Everything from the line that has "Karl Lagerfeld White K/Forever Md Crossbody" to the last line of the listing must be repeated exactly, and nothing more; omit the pictures.

── DATA SHOWN ──

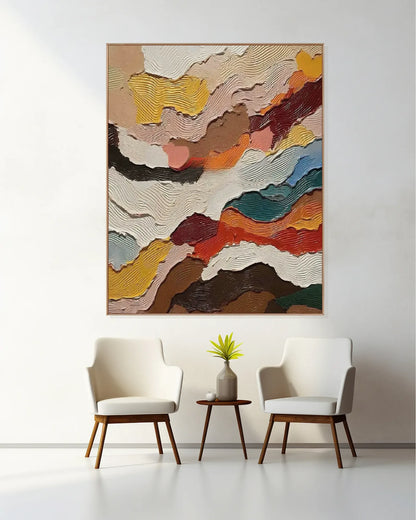 Abstract Colorful Wall Art for Living Room No.002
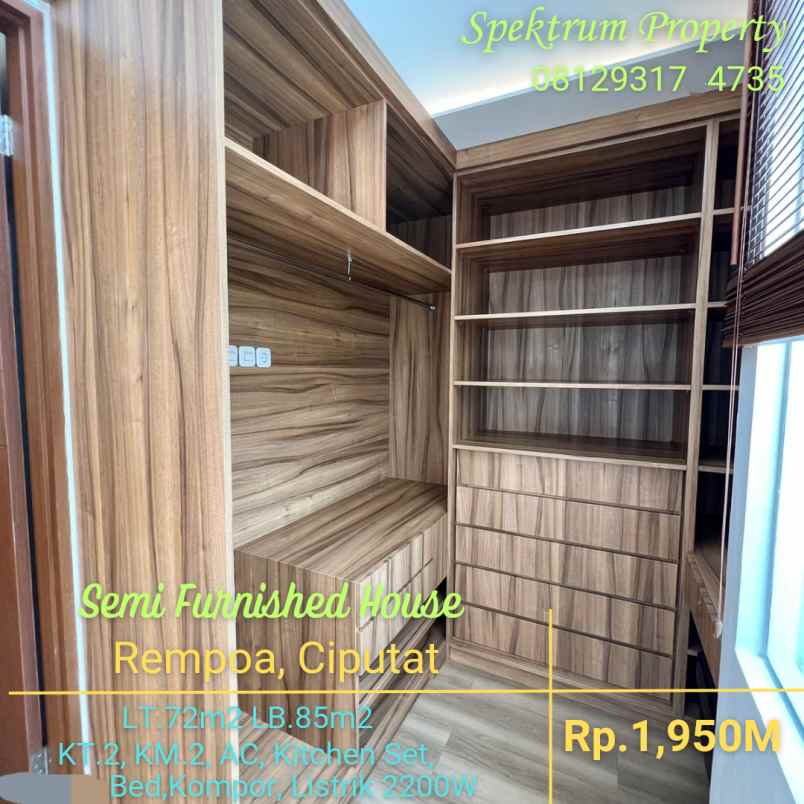 dijual rumah rempoa ciputat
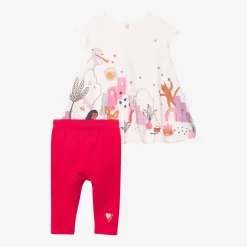 New Newborn Girl Dress And Leggings Set Child Dresses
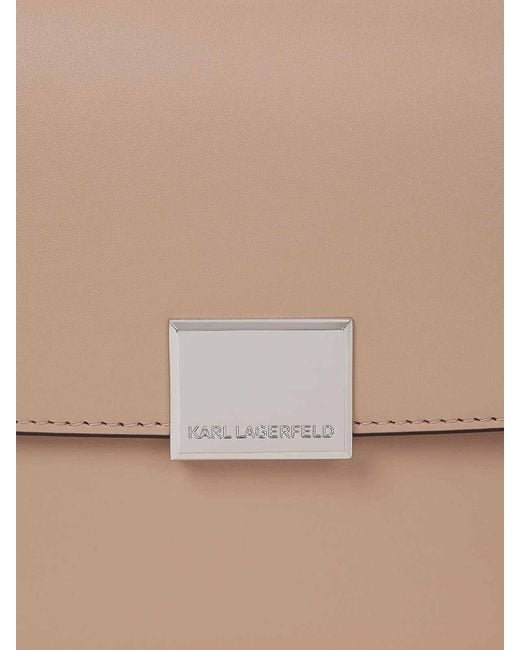 Karl Lagerfeld White K/Forever Md Crossbody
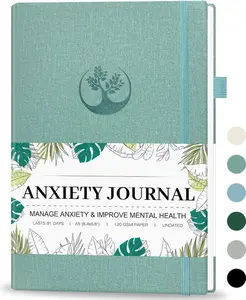 Mental  &  Journal, 91 Days Mood  Journal for Mindfulness, Self Care &  , Guided CBT Journal with Mental  Coloring Book Pages & Dream Diary to Record, Wellness Gifts for Women Men
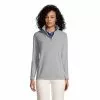Lands' End Women's Thermacheck 100 Fleece Quarter Zip Pullover Top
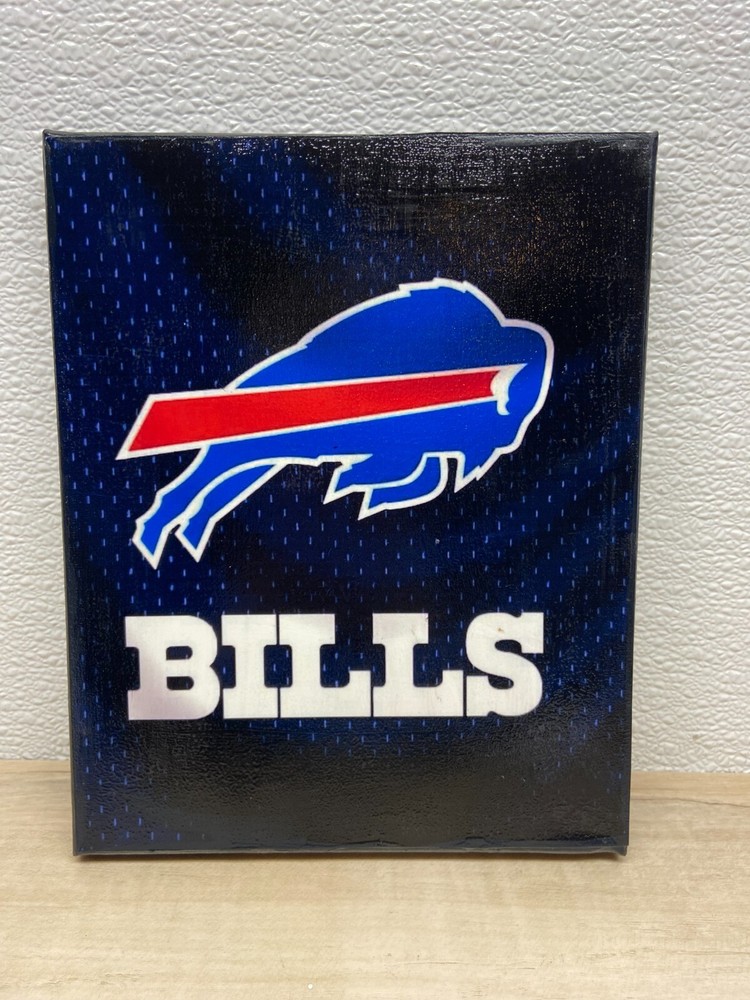 NFL Buffalo Bills Framed Painting Logo Sign Wall Decor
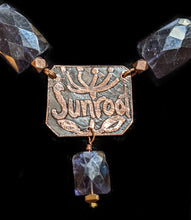 dill flower & iolite set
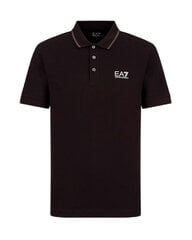 Мужская футболка Ea7, черная цена и информация | Мужские футболки | kaup24.ee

───

ANSWER TO THIS PROBLEM –
 Karl Lagerfeld White K/Forever Md Crossbody
 Mental  &  Journal, 91 Days Mood  Journal for Mindfulness, Self Care &  , Guided CBT Journal with Mental  Coloring Book Pages & Dream Diary to Record, Wellness Gifts for Women Men
Lands' End Women's Thermacheck 100 Fleece Quarter Zip Pullover Top
 NFL Buffalo Bills Framed Painting Logo Sign Wall Decor
 dill flower & iolite set
 Мужская футболка Ea7, черная цена и информация | Мужские футболки | kaup24.ee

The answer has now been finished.